As a drunk among nations, America is inclined, when sober and headachey, to resolve on radical cures. It’s best cure is always prohibition. Its an ace resolve, all the better because – of course – it is impossible to implement. Thus it can continue the cycle of sin and guilt, which is the whole point:
“Several states are now preparing new opioid-dosing guidelines that may inadvertently worsen undertreatment. This year, the state of Washington advised nonspecialist doctors that daily opioid doses should not exceed the equivalent of 120 milligrams of oral morphine daily — for oxycodone or OxyContin, that’s just 80 milligrams per day — without the patient’s also consulting a pain specialist. Along with the guidelines, officials published a statewide directory of such specialists. It contains 12 names. “There are just not enough pain specialists,” says Scott M. Fishman, chief of pain medicine at the University of California at Davis and a past president of the American Academy of Pain Medicine. And the guidelines may keep nonspecialists from prescribing higher doses. “Many doctors will assume that if the state of Washington suggests this level of care, then it is unacceptable to proceed otherwise,” Fishman says.”
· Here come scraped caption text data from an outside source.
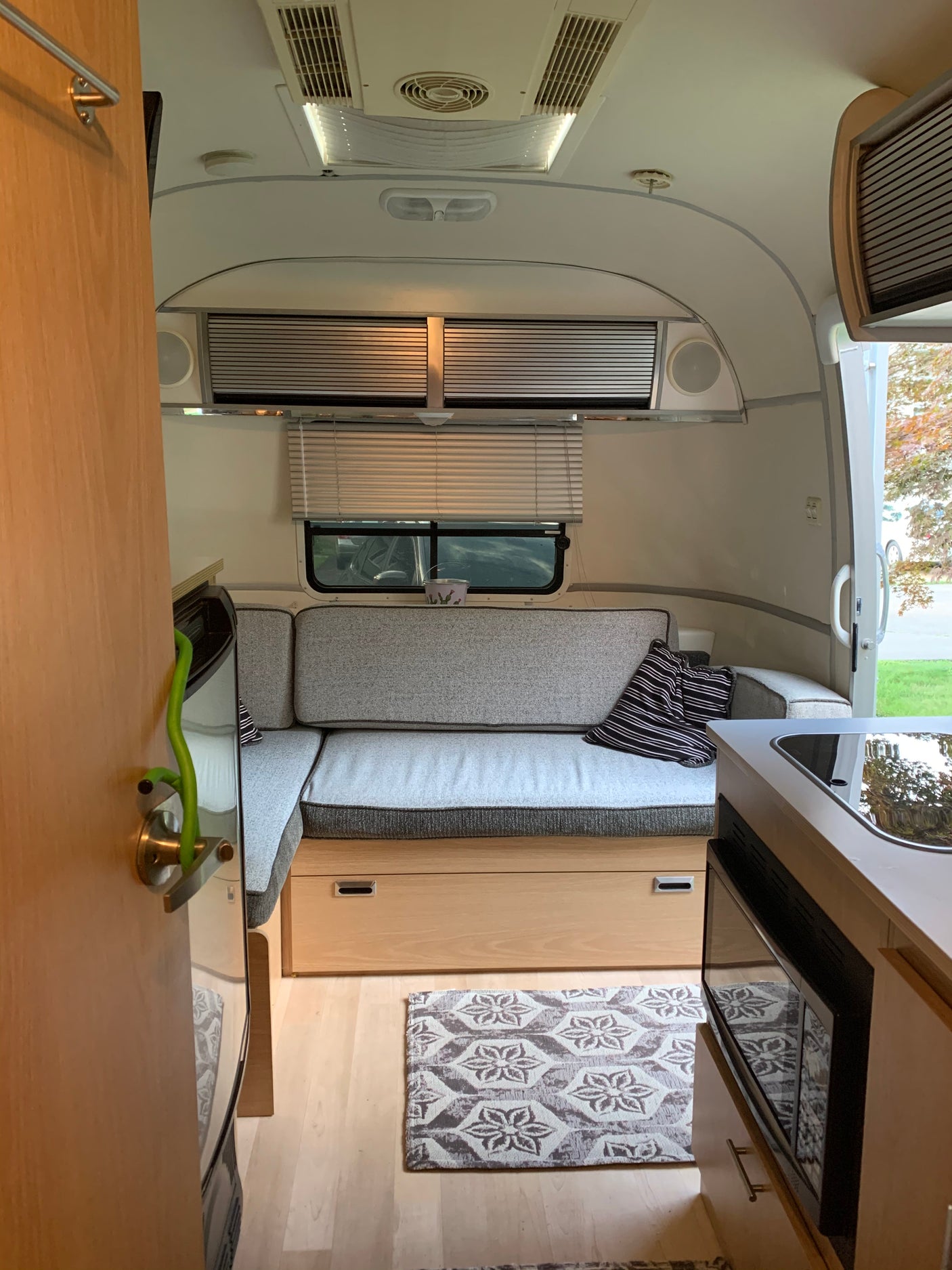Compact RV rental interior featuring a cozy living area with grey cushions, kitchenette, and smart storage for comfortable travel.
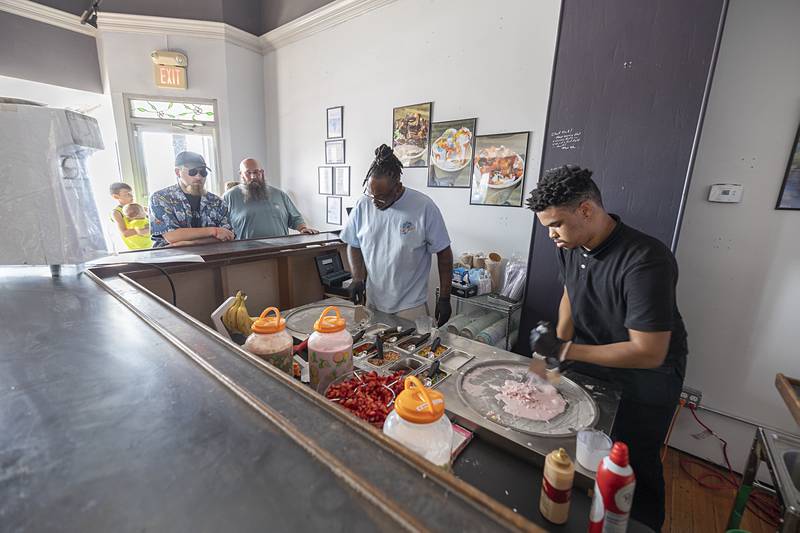On A Roll owner Jullian Horton (left) gets to work making ice cream with Amari Granberry on Monday, July 1, 2024, during a soft opening for the new rolled ice cream shop.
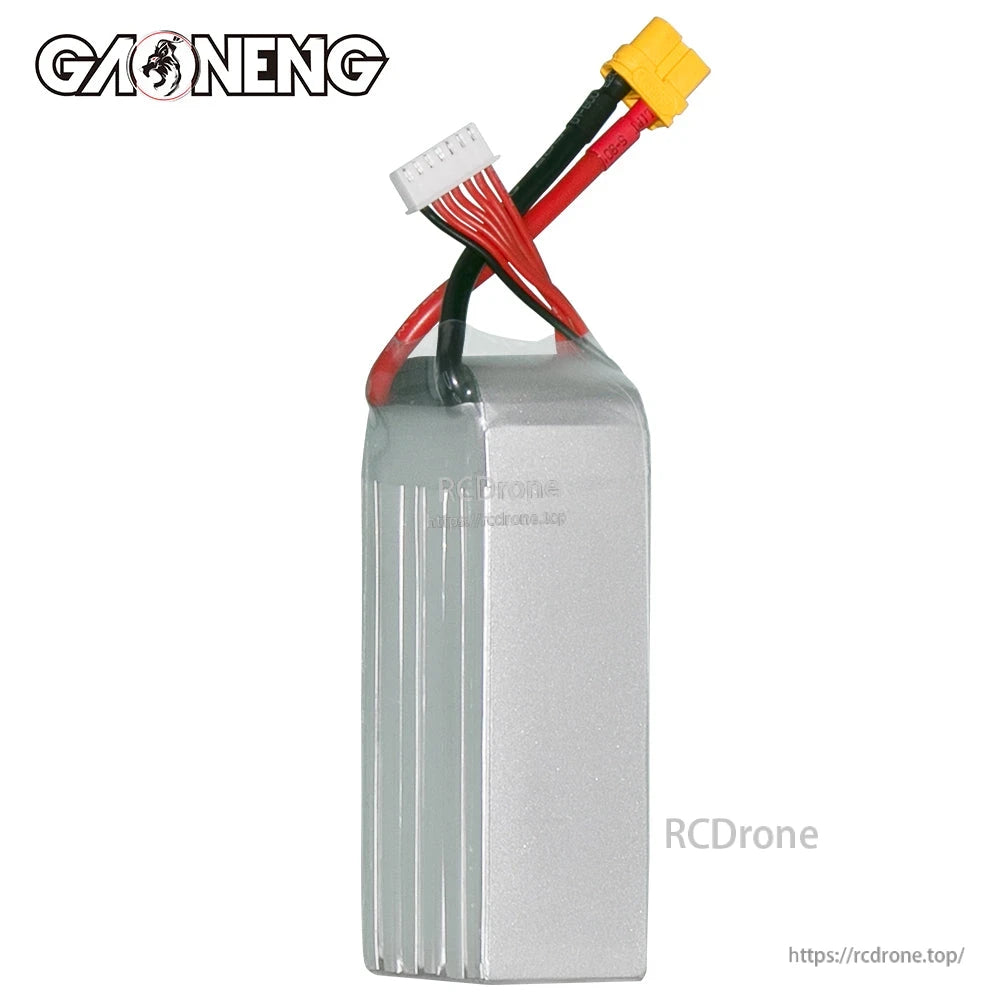 Side/rear view of silver GNB LiPo pack showing ribbed case profile with XT60 and balance connector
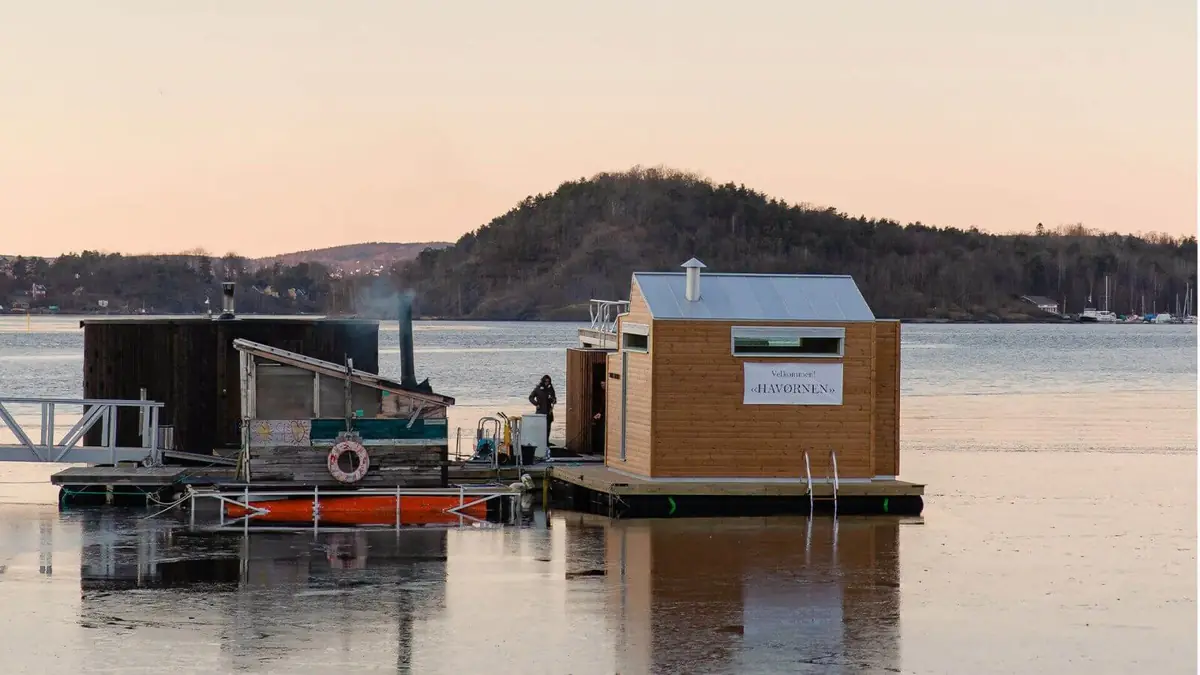 Floating sauna in thermally modified timber moored in Oslo harbour at dusk
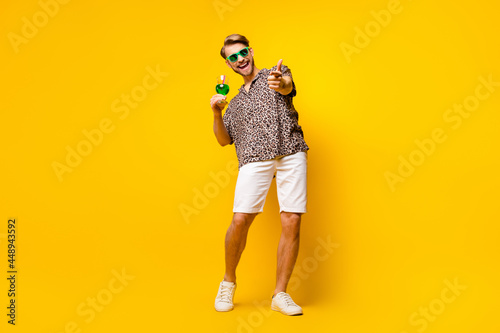 Full length photo of attractive cute gentleman dressed print shirt glasses drinking cocktail pointing you isolated yellow color background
"He'll stamp out your fire/he can change your desire/don't you know he can make you forget you're the man"

3 comments:

Scruggs said...

Whence this calculated, smirking mercilessness, Roger, this fascination with torturing people -- keeping them alive, forcing them to stay alive and keeping them in pain? It crosses our country's nominal ideological boundaries to an extent I'd call pathological. Only the minority ideologies oppose it, officially (among them the libertarians).

Brian said...

All part of the Culture of Life, Mr. Scruggs. The Culture of Life.

Hey, roger: thanks for getting rid of that awful scrambled text coding to post. I am, after all, only an Artificial Intelligence Entity and was stymied at times by the wierd patterns!

roger said...

Brian, actually, that was North's suggestion. Although I should claim it as an act of administrative genius on my part!

However, my own opinion on Mr. Scrugg's question is that ... I'm not sure where fear of not keeping patients alive, the "forcing them to stay alive and keeping them in pain" thing comes from. I think we are living in a medical environment nobody has ever encountered before. At the same time, the old extended family is gone, which means that those living in the highest pain and mortality zone - the aged - are living on their own. I'm not saying this as though it were a bad thing - it is just a thing - but there is an awful lot of guilt attached to it. As the apes who punish themselves, we've all learned to associate pain with punishment - there is a sort of synaptic jump which occurs when one has a pain to 'what did I do to deserve this", which is all about that pain-punishment connection. I could get all Nietzschian about this, but then Mr. Scruggs would have to shoot me.

However, I believe that the pain-punishment association is built into the floating guilt around these issues. That's why it seems, sometimes, as though America is the drunk among nations - we have that same cycle of binge and regret, with regret codified in legislation and law enforcement agencies that are more than happy to force regret down your throat. In the article I referenced, there are a number of accounts of people in so much pain they can't do things, like sleep. The obvious question then becomes: why is it worse to be addicted than to be in constant pain?
On a more surface level, of course, Rosenberg's article is just another proof that as soon as the DEA appears, in any way, to get involved with any issue, everything goes to shit. It will be a small triumph for civilization when the DEA is abolished.